Work to complete: Transcribe exactly the lines from the one containing "Nike Force 1" through the end of the data, both included. Leave out pictures.

Listed entries:
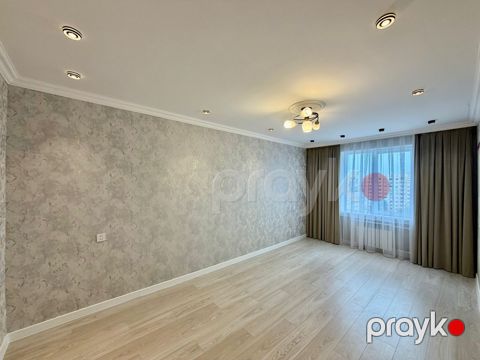 Satılır 2 otaqlı köhnə tikili 60 m²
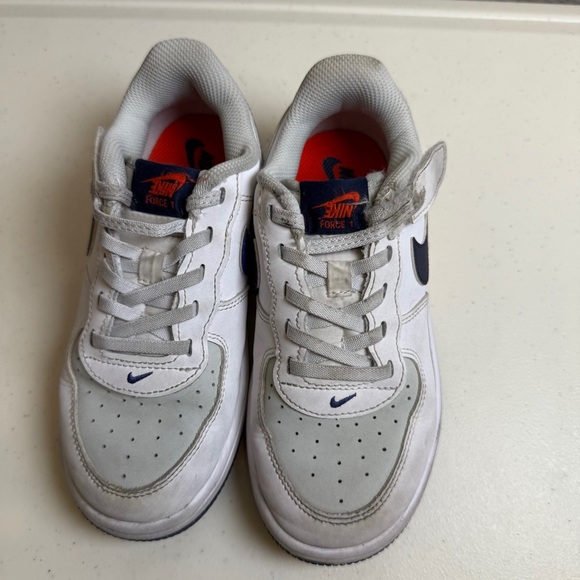 Nike Force 1 Low LV8 2 Easy On Kids Shoes Size 3Y Sporty - Picture 4 of 8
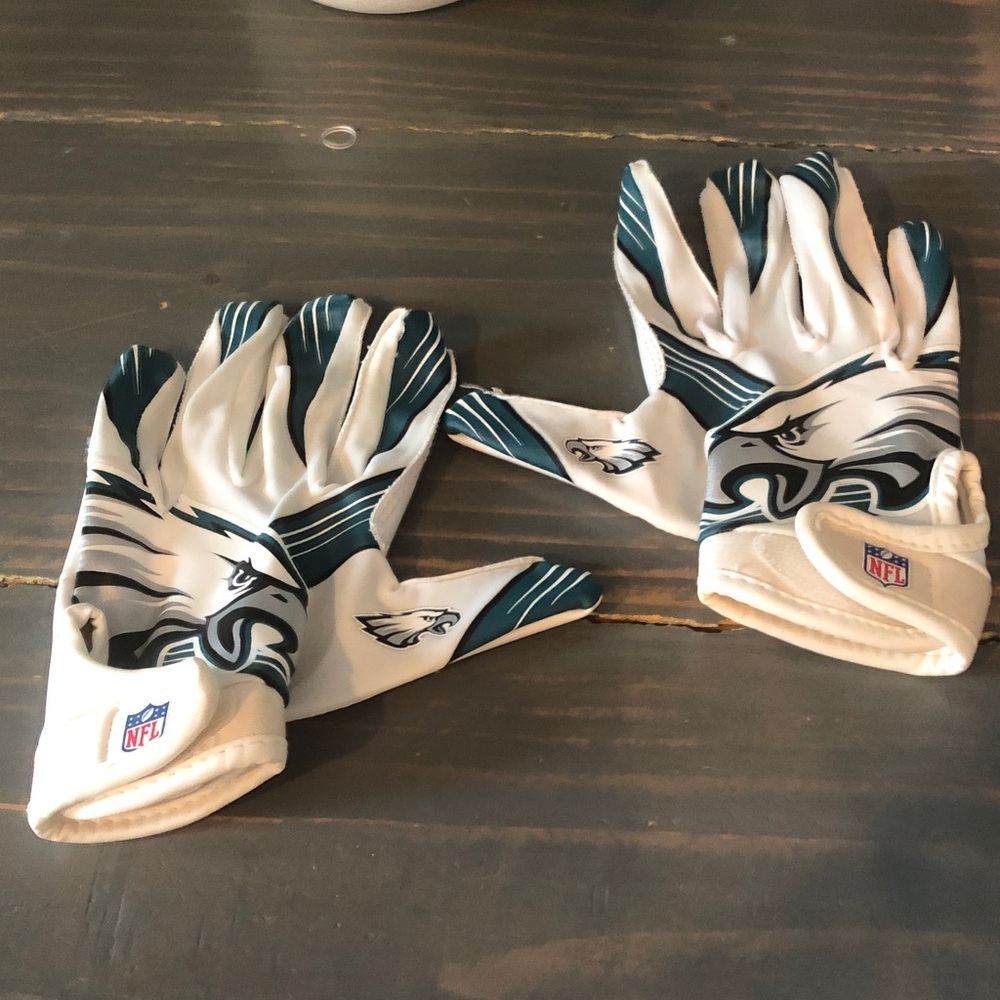 NFL Eagles White and Green Team Gloves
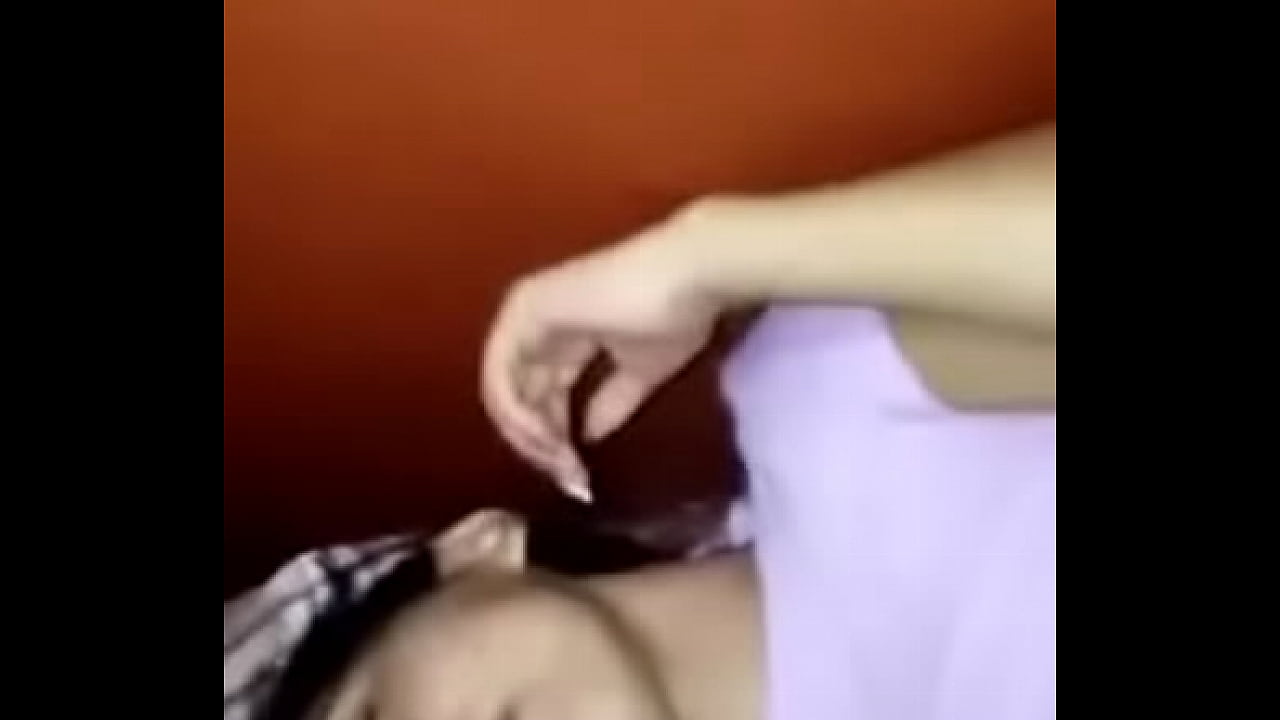 Pequeña latina puta hace un trío con su esposo y su amigo y graban todo en video casero
                    porn sex fucking latina hot blowjob real tattoo amateur homemade wife fuck threesome horny voyeur couple hotwife gostosa mexico espanol muchos negros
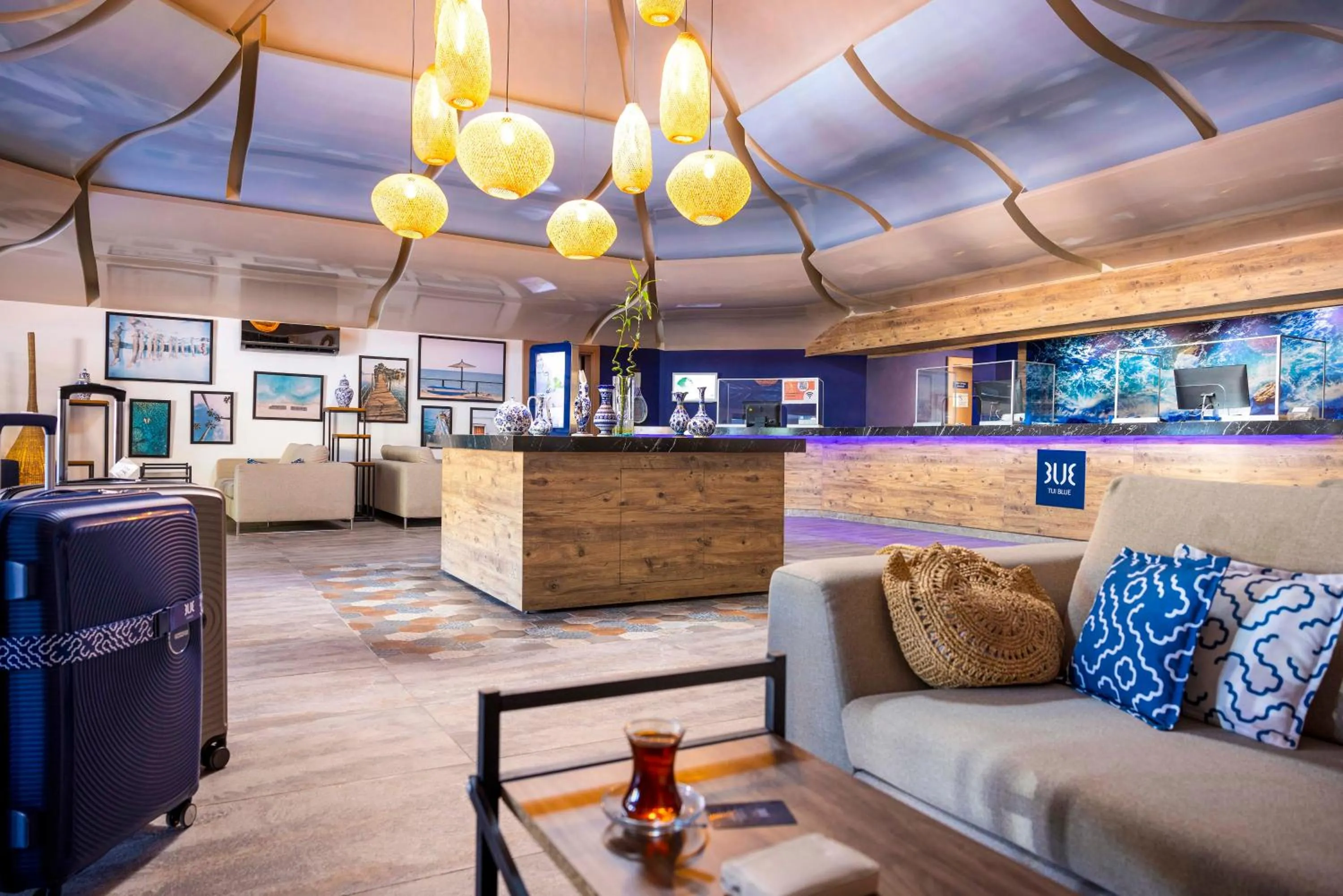 Lobby or reception in TUI BLUE Pascha Bay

Task response:
 Nike Force 1 Low LV8 2 Easy On Kids Shoes Size 3Y Sporty - Picture 4 of 8
 NFL Eagles White and Green Team Gloves
 Pequeña latina puta hace un trío con su esposo y su amigo y graban todo en video casero
                    porn sex fucking latina hot blowjob real tattoo amateur homemade wife fuck threesome horny voyeur couple hotwife gostosa mexico espanol muchos negros
 Lobby or reception in TUI BLUE Pascha Bay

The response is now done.